Expanding Paraiso into various weights was also very enjoyable. Partly because of its constructed aspect, but also because my idea of a “fantasized reconstruction” pushed me into considering each instance of each letter separately, sometimes changing some details or even elements of structure from one cut to another. Serifs became naturally shorter as the weight increased and I had the simple — and touching — vision that they could be swallowed whole if I pushed it a little bit further.

Paraiso features five weights from the initial slab-serif design, accompanied by a single chunky Sans and its Italic counterpart. This odd choice for a family structure can be explained on different levels. First of all, it is something I like to do. Simple as that. Gathering typefaces under a single banner, the way I did it with Syne for example, is like mixing type design with a bit of font-pairing, the art of associating typefaces. It is taking a step towards the user, placing my expression not only in the way the letters look, but also how they will exist.

Paraiso Sans is a tight and heavy sans-serif typeface, probably owing its flat-top aspect to the title design of Katsuhiro Otomo’s ’Akira’. But despite their industrial feel, the letters are infused with discrete human-like details, like the bent leg of the R or the slightly asymmetrical middle section of the E. Space there is regular but also minimal, with compact structures for t and r, and almost-closed counters in letters like a or s.

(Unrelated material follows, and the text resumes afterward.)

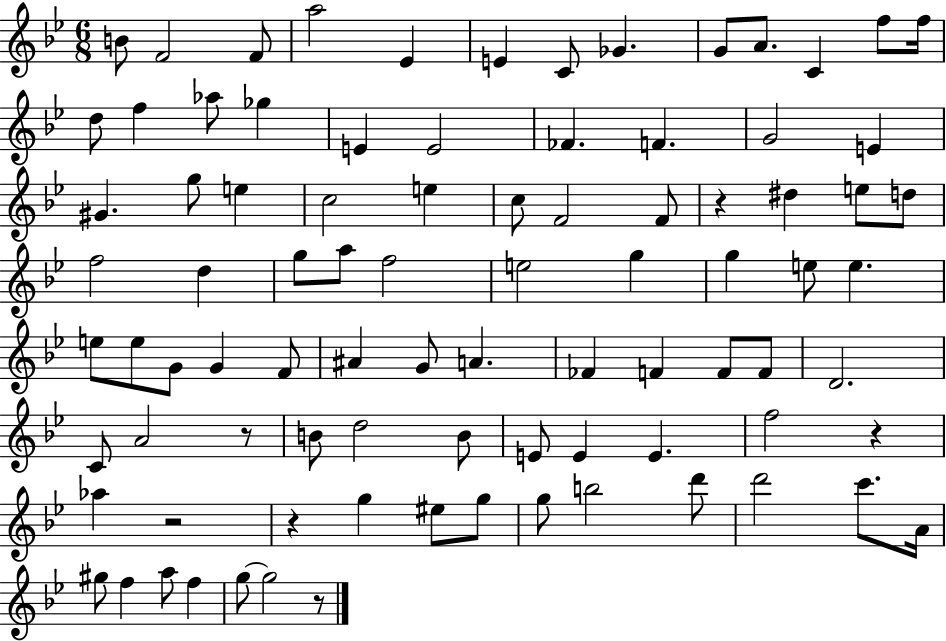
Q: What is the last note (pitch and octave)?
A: G5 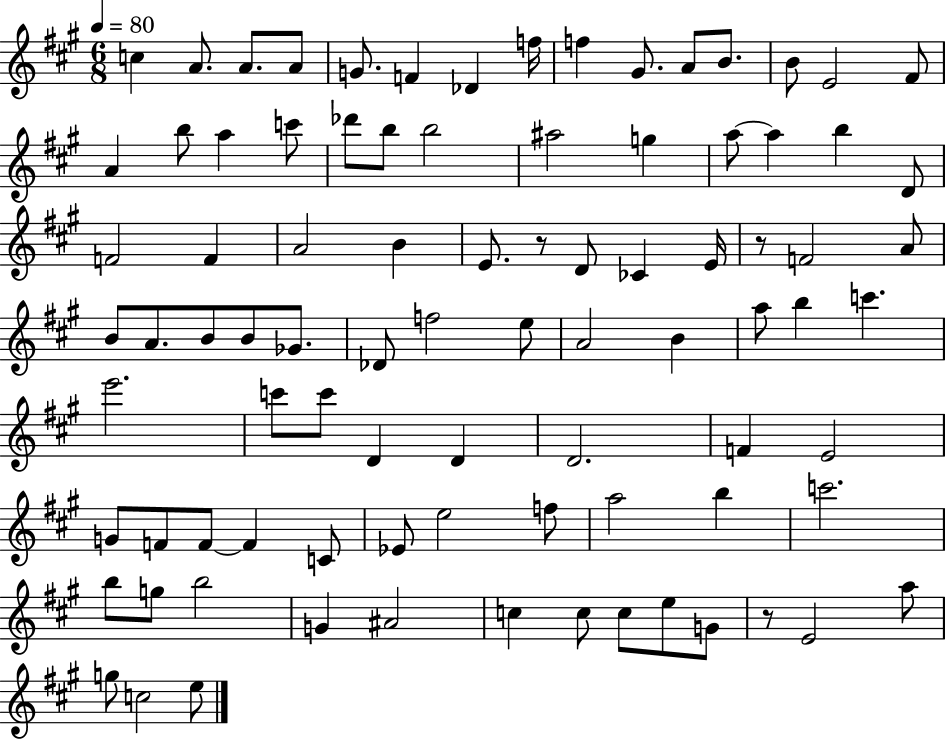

Various album covers of Haruomi Hosono and/or bands and projects he took part in. Among them, in the top-left corner, is Paraiso (1978) which gave the typeface its name. [source]

If I had to associate each of my designs with a specific music, this one would without a doubt go with Japanese composer Haruomi Hosono — for the music, but also the attitude. Hosono is a model in breaking grounds and hopping borders and he has a very interesting relationship to traditions, probably born from his upbringing in post-war Japan and the American occupation of his country. Along the years, he’s researched ways of blending influences and bridging gaps, for example between computer-heavy techno-pop and indigenous traditional music.

Looking into Hosono lead me to, amongst other things, an article about cultural reinterpretation of popular music and more specifically covers of American songs by Japanese artists. The author, Judy Yoneoka, defines various levels of modification and in-betweenness, including what she calls “generic maintenance”, “a conscious decision to abstain from culturalization processes in favor of retaining universality” — which somehow brought me back to the distance I chose to take from existing references, going instead for a feeling of “normality”. These thoughts aren’t very precise and I surely can’t say exactly how they’ve inspired the design of Paraiso. But they were there the whole time.

Left: detail from a record sleeve, a compilation of songs by Gilbert Bécaud, released in 1967 by Amigaa. Right: detail from the cover of Schriftindex Adolph Fürst & Sohn, a typeface index from 1969. Both found on Fonts In Use. [source 1] [source 2]

One way I like to build type families is with a graphic designer’s eye, often playing with contrast. Another — and the two can easily be combined — is by giving the whole family one radically similar attribute. In the case of Paraiso it’s the symbols and diacritic signs, who all share the same thin weight. This unexpected way to tie the family together is also a statement in making it display-first. Having a hairline accent on a bold letter is something I’m always happy to find on a book or a record cover, a little ingenious fantasy from the graphic designer. Making it the default in Paraiso is simply an homage to this practice.

Paraiso aspires to be a radish, simple and touching. And it was built the same way as my initial radish quote — remember? — as it brewed in my head, away from what initially inspired it, becoming its own thing entirely, a completely imagined yet strangely familiar object.